Un point de vue détonant à propos d'un pays qui aurait envoyé des milliers d’"ouvriers forcés" en plein cœur de l’Europe, selon une ONG de défense des droits de l’homme, et qui déporte en camp de travail tout opposant au régime, comme le dénonce Amnesty international (en anglais).
"Pendant ce voyage, j’ai compris que notre vision était biaisée : les gens parlent de la Corée du Nord comme d’un royaume de robots lobotomisés et les Nord-Coréens parlent de l’extérieur comme d’un royaume de diables impérialistes. Les deux explications sont stupides. L’histoire de ce pays est bien plus complexe, ajoute Lars Hiller Eidnes. C’est un régime brutal, mais le peuple est chaleureux et accueillant."
Ils font des blagues cochonnes, boivent de la bière et jouent à des jeux, comme partout ailleurs.
Sous le charme, il assure qu'il n'hésitera pas à y retourner, d'autant que, selon lui, faire du tourisme en Corée du Nord est aussi "un des chemins pour rendre ce pays moins isolé".
De son côté, Ludoc Hudson est beaucoup plus partagé. "Mon objectif était de changer l’idée que je me faisais de la Corée du Nord. Je pense que je n’ai plus la même vision mais, comme tout est programmé et encadré sur place, je devenais complètement paranoïaque.

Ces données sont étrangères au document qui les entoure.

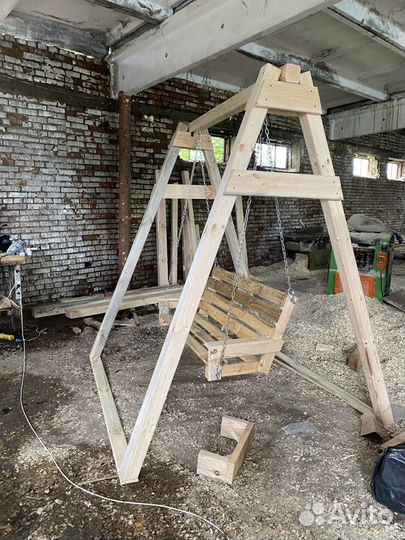 Садовая качеля деревянная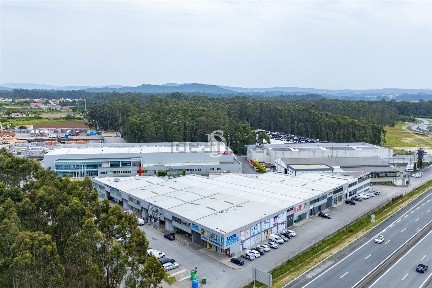 Armazém à venda em Palmeira de Faro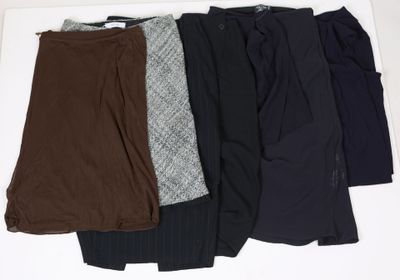 Quatre paires de pantalons pour femmes sont alignées sur une surface blanche
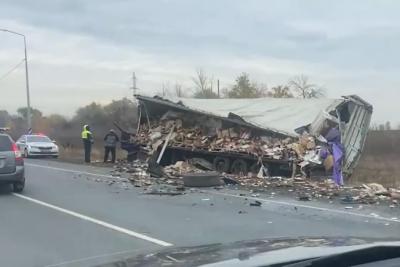 Видео с места жесткой аварии большегрузов под Сызранью: очевидцы в шоке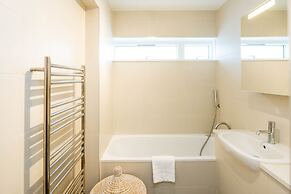 Bright 2-Bed Flat Near St Paul’S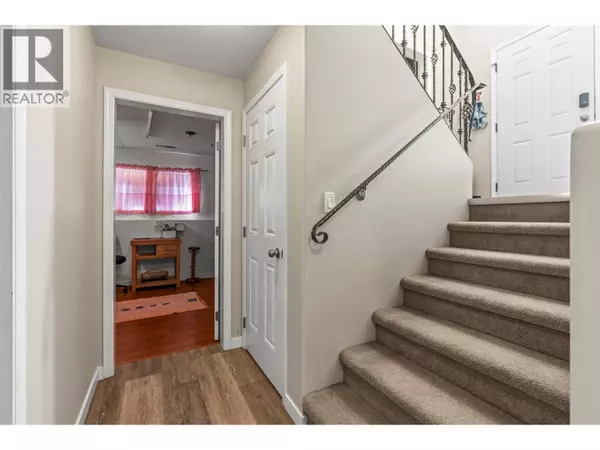 2907 Gyp Road, Falkland, BC V0E1W0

Toute la journée, je me demandais : 'Est-ce que ce que je vois est réel ?'", lâche-t-il, sidéré par un pays capable de construire des sites qui ont coûté des millions alors qu'une partie de la population meurt de faim. "C'est effrayant de se dire que les Nord-Coréens sont finalement habitués à vivre sans aucune liberté, mais c’est intéressant, pour quelqu’un qui a vécu en France toute sa vie, de voir à quoi cela correspond", estime-t-il.
Toutefois, pas sûr qu'il ait envie d'y retourner de sitôt, notamment à cause "de ce qui s’est passé avec le jeune touriste américain", Otto Warmbier, mort après avoir passé dix-huit mois en détention en Corée du Nord pour avoir tenté de voler une affiche de propagande. "Avec tout ce que j'ai dit sur la Corée du Nord sur internet, pas sûr de toute façon qu'ils acceptent que je revienne, juge-t-il. Et même si c'était le cas, j’aurais trop peur de ce qui pourrait m'arriver là-bas."